CUMMINGS, APPELLANT,
v.
NAZARETH BOROUGH



Appeal from judgment of Court of Common Pleas of Northampton County, Oct. T., 1964, No. 28, in case of Darrel L. Cummings, a minor, by Dorrace Cummings Woodward, his guardian, and Dorrace Cummings Woodward, individually v. Borough of Nazareth, Fred Hahn, Frederick Knecht, Jr. et al.

COUNSEL

Norman Seidel, with him Gus Milides and Herbert Toff, for appellants.

E. Jerome Brose, with him John C. Hambrook, and Brose, Poswistilo & LaBarr, and Fox, Oldt & Hambrook, for appellees.

Bell, C. J., Musmanno, Jones, Eagen, O'Brien and Roberts, JJ. Opinion by Mr. Justice Musmanno. Mr. Justice Cohen took no part in the consideration or decision of this case. Dissenting Opinion by Mr. Chief Justice Bell.

Author: Musmanno

[ 427 Pa. Page 15]

On July 30, 1963, Darrel L. Cummings, 16 1/2 years of age and of excellent health, dived into the

[ 427 Pa. Page 16]

    swimming pool owned, operated and maintained by the Borough of Nazareth. He failed to surface. A swimming companion started in search and found Darrel lying face downward on the floor of the pool. He helped him to a ladder where a lifeguard lifted him to the pavement. Darrel was seriously injured. He suffered a subluxation of the 4th and 5th vertebrae and a fracture of the 6th, which left him a permanent cripple, paralyzed from the chest down, to be imprisoned in a wheel chair for the rest of his life.

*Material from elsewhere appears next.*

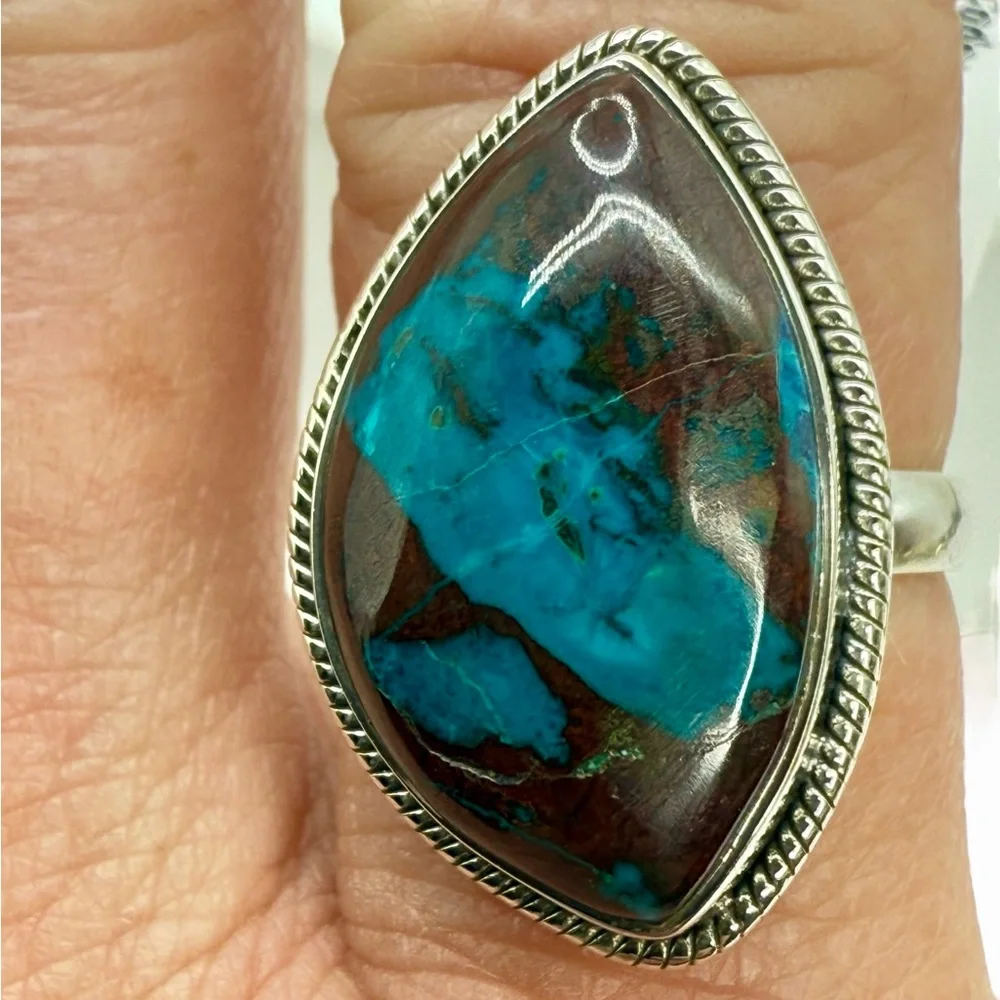 Genuine Shattuckite Statement Ring – 925 Sterling Silver – Boho Caribbean Chic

Darrel, through his guardian, Mrs. Dorrace Cummings Woodward, and Mrs. Woodward in her own right, brought suit against the Borough of Nazareth, charging it with negligence in the construction and maintenance of the pool. The jury returned a verdict in favor of the minor plaintiff in the sum of $150,000, and in favor of the guardian in the sum of $65,000. The defendant moved for judgment n.o.v., which was granted by the trial court and the plaintiffs have appealed.*fn1

The Nazareth swimming pool, which was built in 1935, measures 200 feet by 100 feet. It is 8 ft. 5 1/2 inches deep in the center and of decreasing depths toward either end into the more shallow areas. One-meter boards (so designated because they are supposed to be one meter above the level of the water) are located on either side of the deeper areas.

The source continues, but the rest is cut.